Tuesday, June 24, 2008

Relationships

So it was February of 1991, and I was in Chicago, debating at the Northwestern tournament, and something unexpected happened. We were debating a team from Boston College, Craig Cerniello and Darren Schwiebert, who, to be frank, were better than we were. Not that there was any shortage of teams about whom that could've been said. And I should mention that by "we," I mean myself and Robert Scott McWilliams, current whereabouts unknown to me. We were affirmative. It was an affirmative that Rod Phares had dreamed up over Christmas break, concerning China and ozone depletion. Those details don't matter. My confidence had taken some stout blows from recent events. I don't think that mattered much either. It was round one, and we had a mediocre judge whom I won't name, since I just called that judge mediocre and this is an open blog, but a judge who knew us and had been very good for us before. Still, we were getting pretty clearly thrashed. It wasn't bad to the point of embarrassing, but it wasn't a debate anyone should have a hard time deciding. Something happened between the second negative rebuttal (Cerniello) and the second affirmative rebuttal (me):

I suddenly understood debate.

No angel choirs, no "click" in my head, nothing overt. I wasn't sitting under a banyan tree, and I didn't come up with any eightfold path. I just, all of a sudden, understood that all these zillions of different arguments that I was trying to take care of, like chasing drops of mercury after a spill, weren't zillions of arguments after all. It was all one big argument. It was one coherent whole.

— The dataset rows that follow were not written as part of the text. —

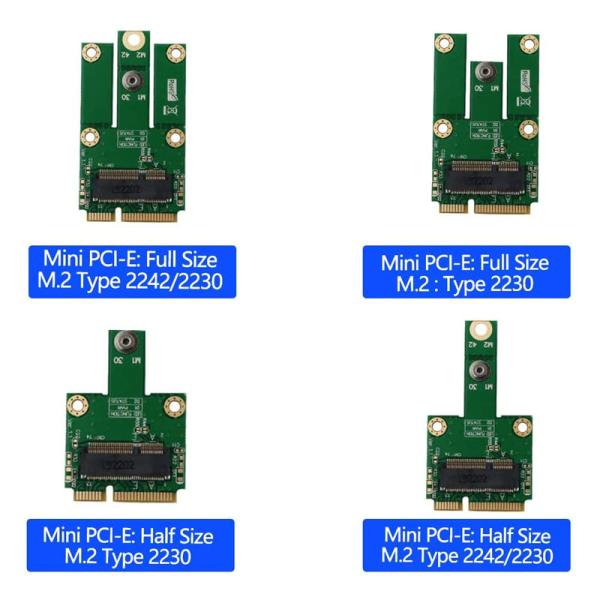 M.2 (ключ e NGFF) к переходнику карты M.2 Pcie Pcie WiFi переходника MPCIe (PCIe+USB)
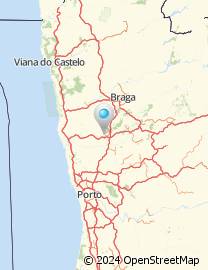 Mapa de Rua São Miguel-O-Anjo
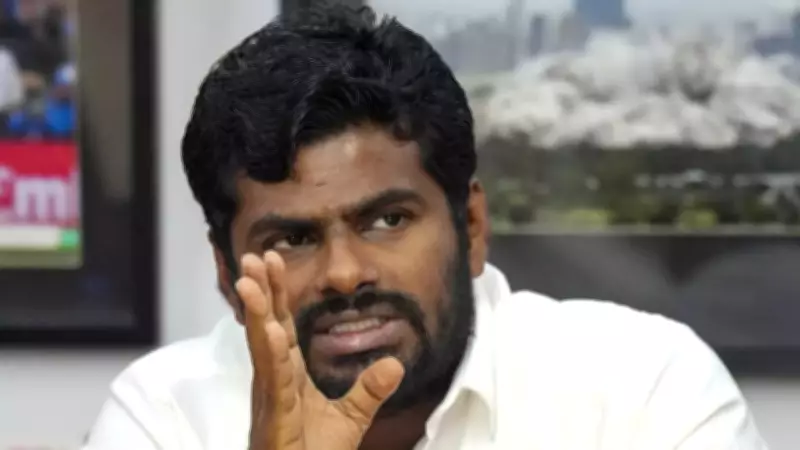 Former Tamil Nadu BJP Chief K Annamalai Resigns, Plans New Political Movement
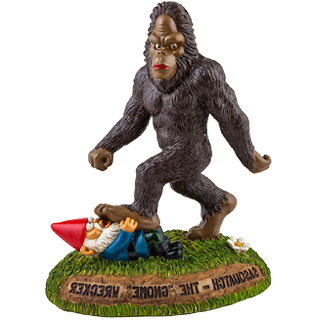 bigfoot statue right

I can put that into words today, and I could've put it into words before that day. Millions of times I'd had coaches tell me that the smart debating was about understanding the relationship between all the issues. I knew that. I could say those words. Doing it, though, was much more difficult. I'd been trying for years, which probably explains why I was such an unsuccessful debater. No false modesty there: year after year, I truly stunk. But in this round, all of a sudden, it wasn't a zillion little arguments anymore: just one. It was something like those Magic Eye 3d pictures, even though I've never yet gotten one of those to work. Maybe tomorrow I suddenly will, and that'll change my life again.

I think that may have been the single lesson that made all of my ten years as a debater (first debate in 1982, last in 1992) worth it. And it knocks me for a loop that I completely left this out of the study I'm currently hammering into shape about the effects that a debate career have on the skill set of someone who goes on to be an educator.

It absolutely changes every conversation. It's especially handy in the classroom, because I can hold an entire lesson in my head as one big set of interwoven claims, held together by relationships. If a student is having trouble with one concept, it's really easy for me to step out, grab the bigger picture, and use it to explain that one trouble spot to the student. It also comes up in meetings a lot: I find that I have an easy time asking, "Is this really where our trouble is? Are we really dealing with the issue, or are we spinning our wheels?" I can do that because I've got a good protection against tunnel vision.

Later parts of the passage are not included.